─── Information given

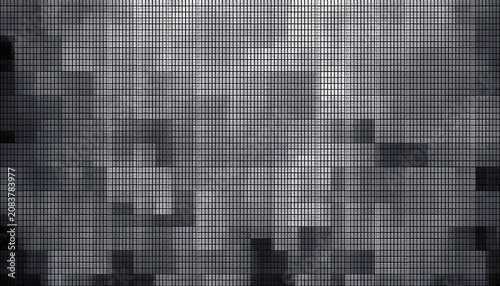 Abstract Background Of Gray Pixel Mosaic
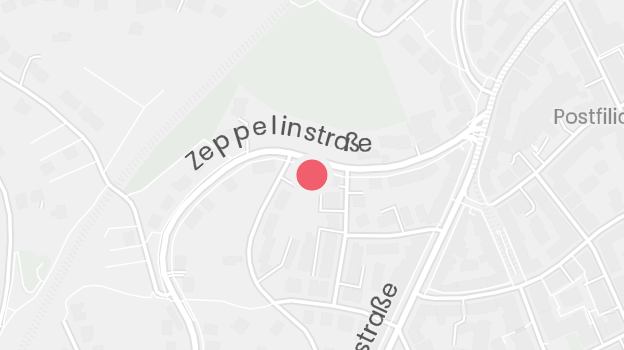 Karte von Zeppelinstraße 17, 70193 Stuttgart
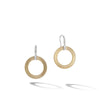 Marco Bicego Masai Collection 18K Yellow Gold and Diamond Circle Drop Earrings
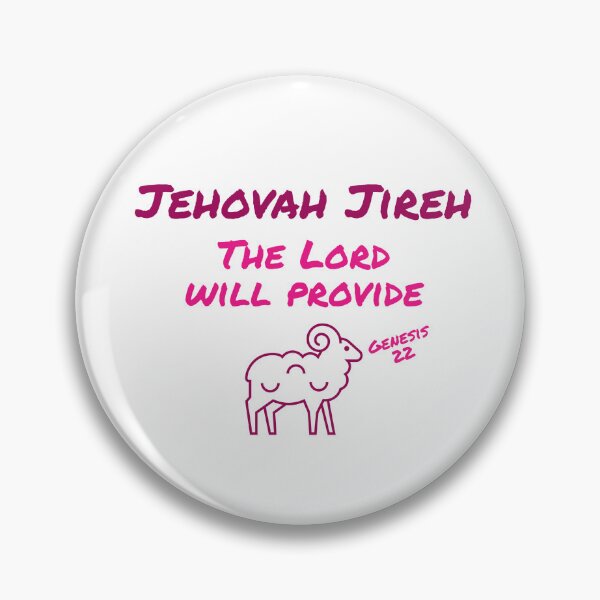 Item preview, Jehovah Jireh Pink Ram designed and sold by Miles-and-Daisy.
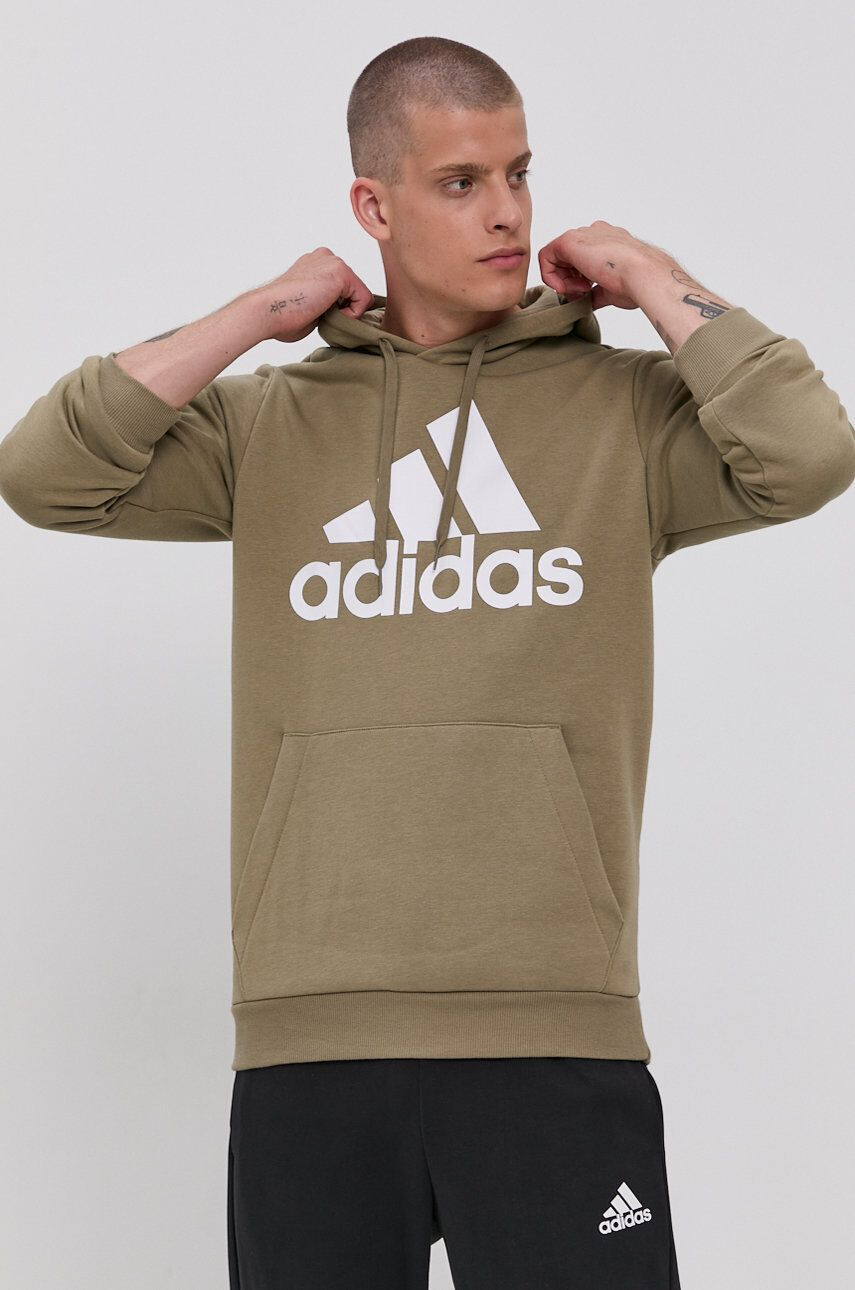 adidas Mikina dámska čierna farba s potlačou - Pepit.sk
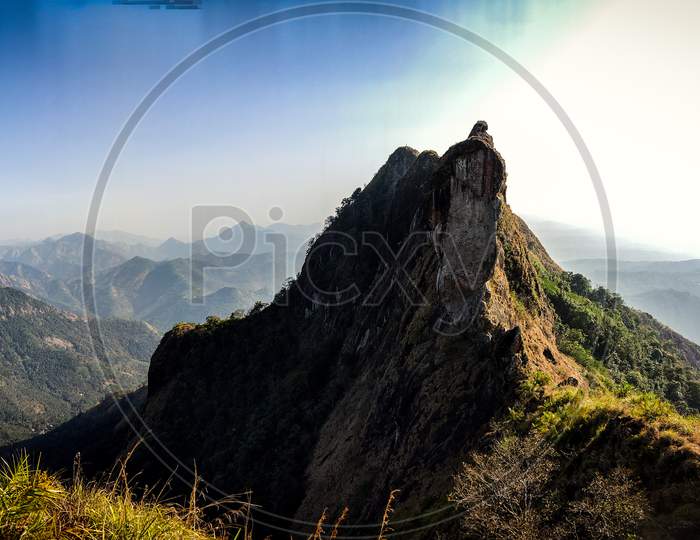 Illickal Kallu,one of the best peak in Kottayam Dist. In Kerala.This image was captured on 7th of February 2021.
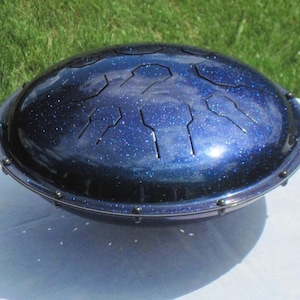 Stainless Steel Double Stardust “Mod” VibeDrum - Standard – 18 Notes – in Various Scales - Handpan - Steel Tongue Drum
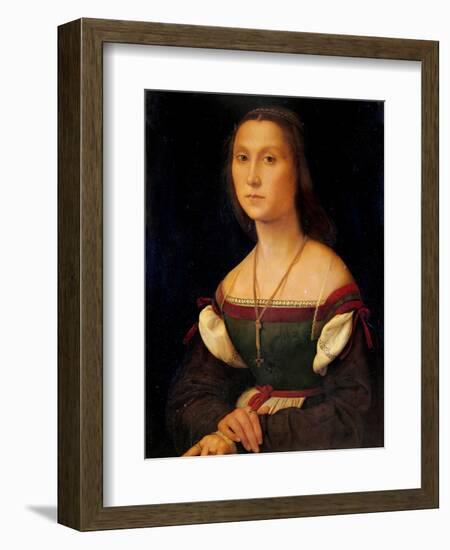 Portrait of a Woman (La Muta)-Raphael-Framed Art Print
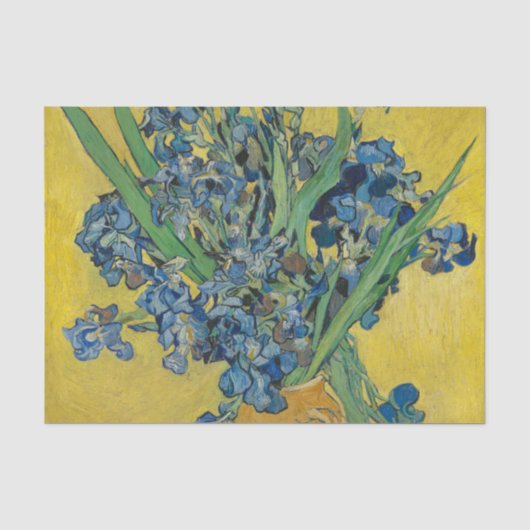 Papier Mousseline Vase Van Gogh avec Iris Classic Impressionnisme (Recto)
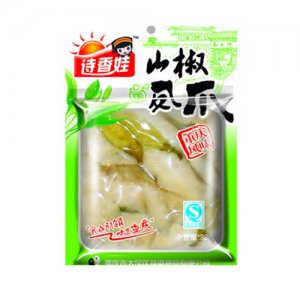 诗香娃山椒凤爪32g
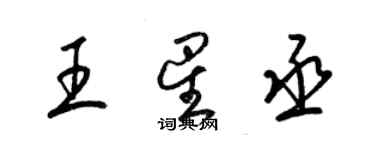 梁锦英王星丞草书个性签名怎么写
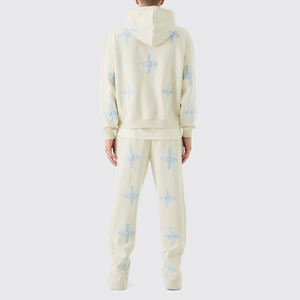 ชุดวอร์มกางเกงมีฮู้ดและซิปสำหรับผู้ชายชุดกีฬาที่มีน้ำหนักมาก - Product Image 2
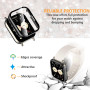 Hianjoo 5 Pièces Coque Compatible pour Xiaomi Redmi Watch 5 Lite, PC Coque de Protection Écran Verre Trempé Intégré Compatible p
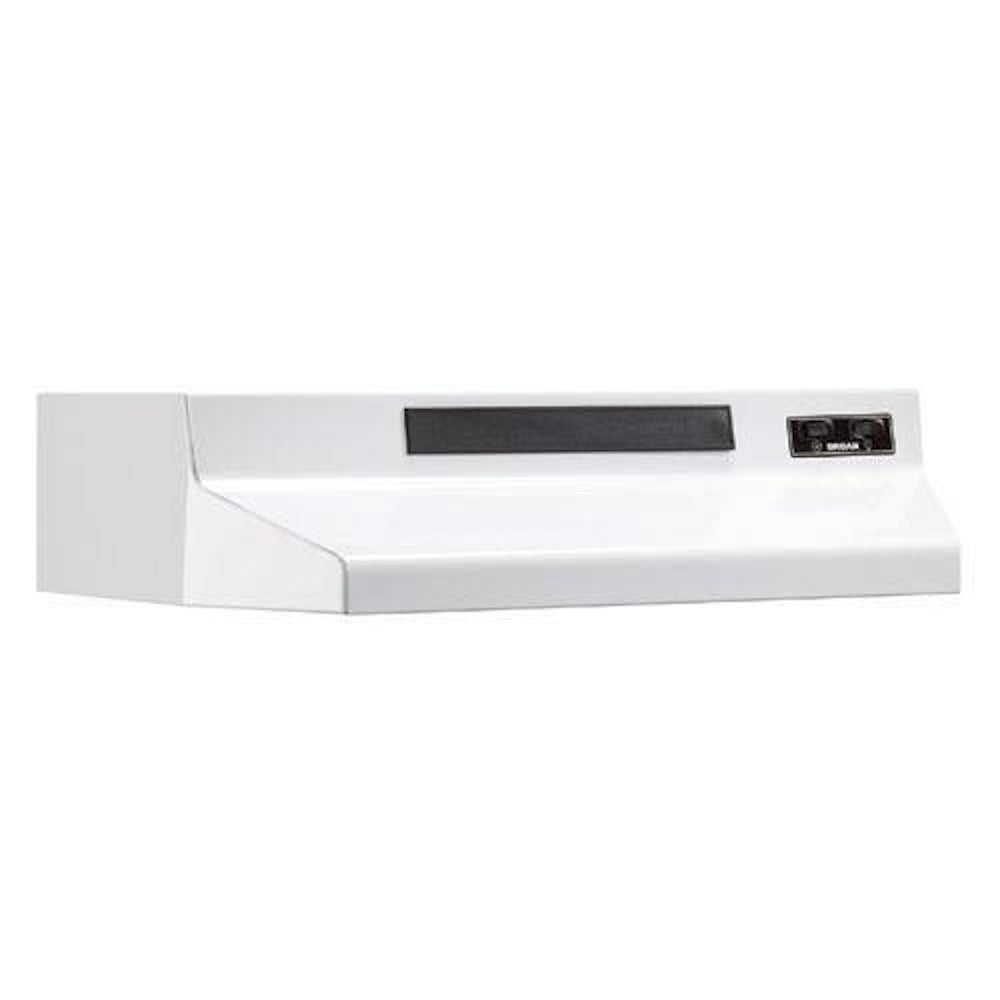 Broan - 24 Inch 180 CFM Under Cabinet Range Vent in White - BP124WHN
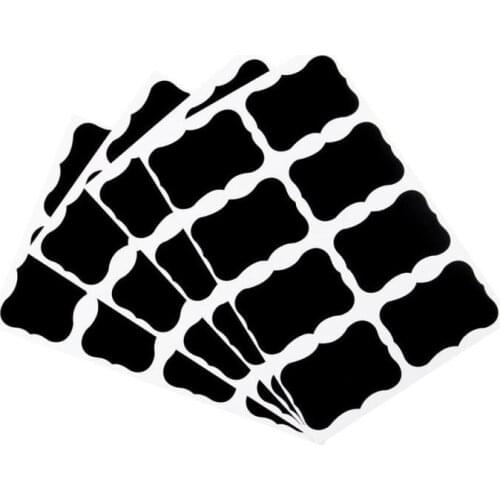 36 Pcs Spice Labels Stickers Kitchen Waterproof Bottles Jam Jar Label Stickers Organizer Chalkboard Wall Sticker Black Tags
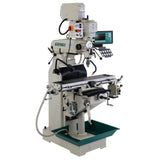 Fresadora de rodilla de velocidad variable de 8" x 36" con avance motorizado y visualizador digital de coordenadas (DRO) Grizzly G0961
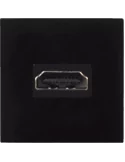  AUDAC CP45HDM-B Faceplate 45x45 - HDMI Black|MusicGoodDeal 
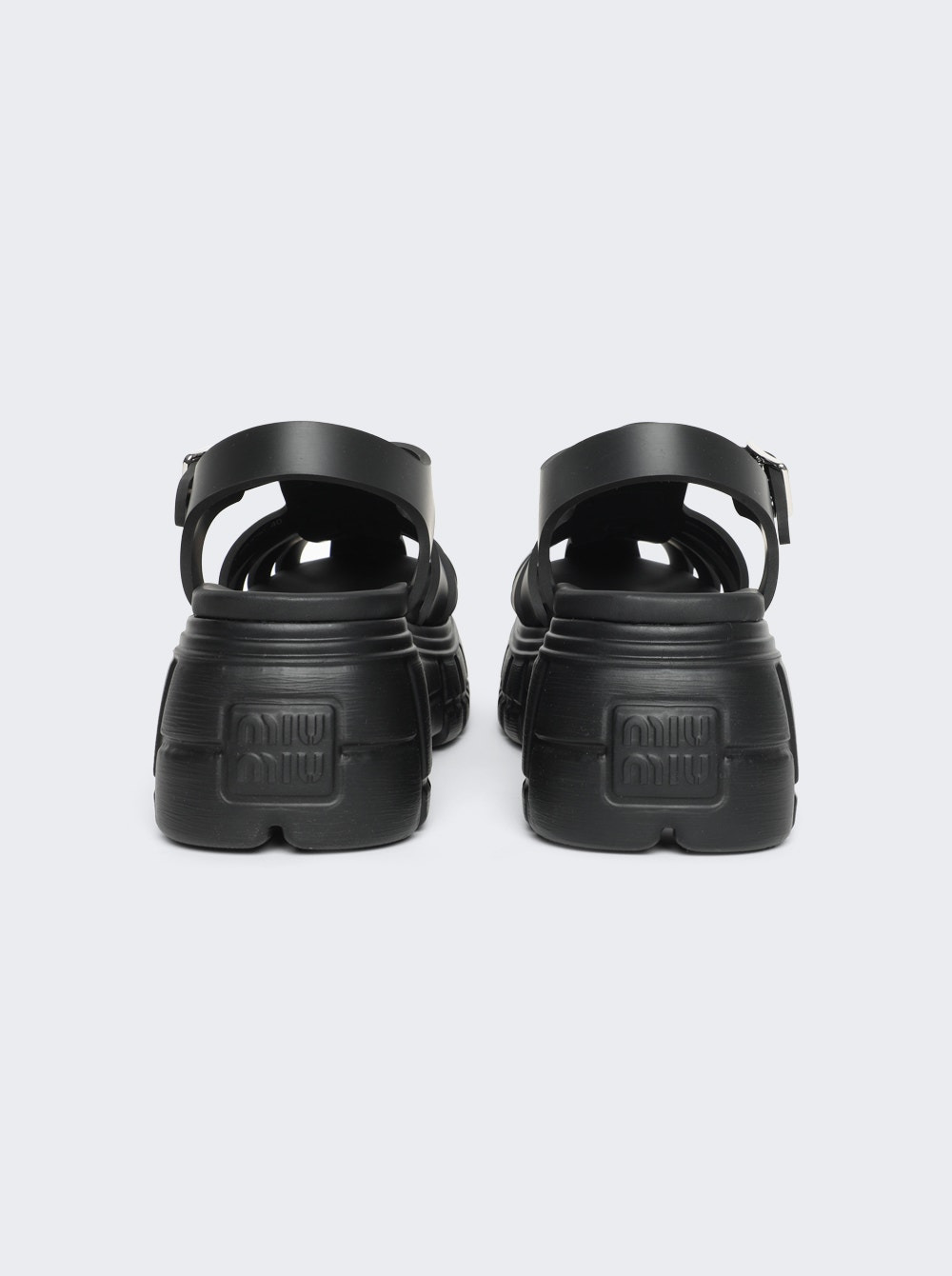 Platform Fisherman Sandals Black - 3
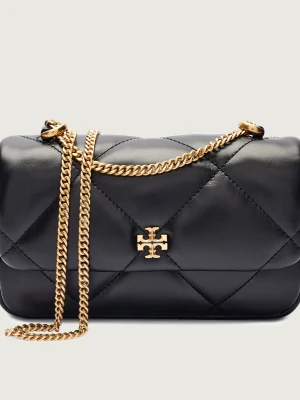 TORY BURCH Skórzana torebka na ramię Kira Diamond Quilt Mini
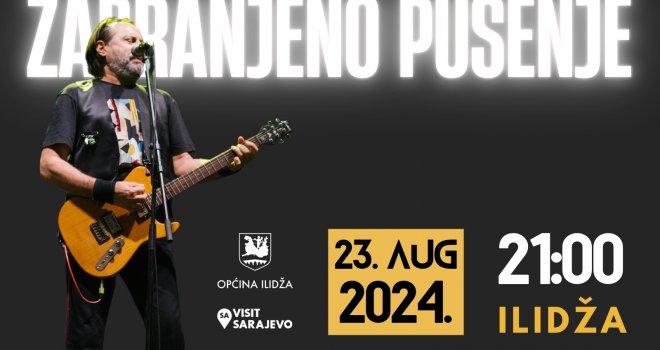 Ne propustite zabavu na Ilidži: Sutra koncert Zabranjenog pušenja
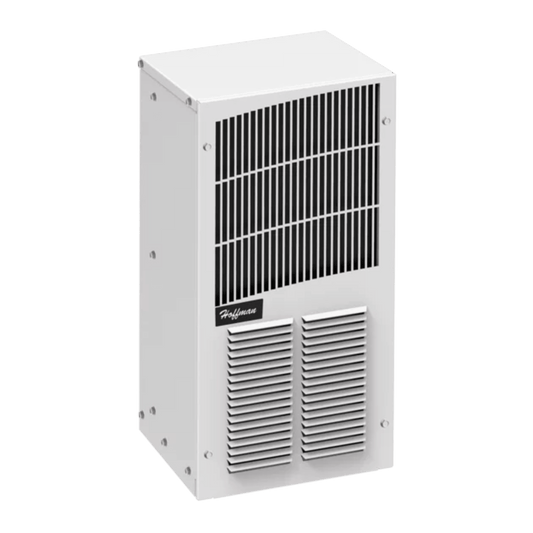 T200216G201 - Aire Acondicionado Compacto Para Exterior, Uso en Gabinetes de Telecomunicaciones de Grado Industrial, Frío T20, 2000 BTU, 115 Vca, de Acero, Color Negro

──────

What is being asked: Only the lines from the one containing "Fresadora de rodilla" through the last line of the data belong in the copy, both included and reproduced exactly. Pictures do not.

Answer area:
 Fresadora de rodilla de velocidad variable de 8" x 36" con avance motorizado y visualizador digital de coordenadas (DRO) Grizzly G0961
  AUDAC CP45HDM-B Faceplate 45x45 - HDMI Black|MusicGoodDeal 
 Platform Fisherman Sandals Black - 3
 TORY BURCH Skórzana torebka na ramię Kira Diamond Quilt Mini
 Ne propustite zabavu na Ilidži: Sutra koncert Zabranjenog pušenja
 T200216G201 - Aire Acondicionado Compacto Para Exterior, Uso en Gabinetes de Telecomunicaciones de Grado Industrial, Frío T20, 2000 BTU, 115 Vca, de Acero, Color Negro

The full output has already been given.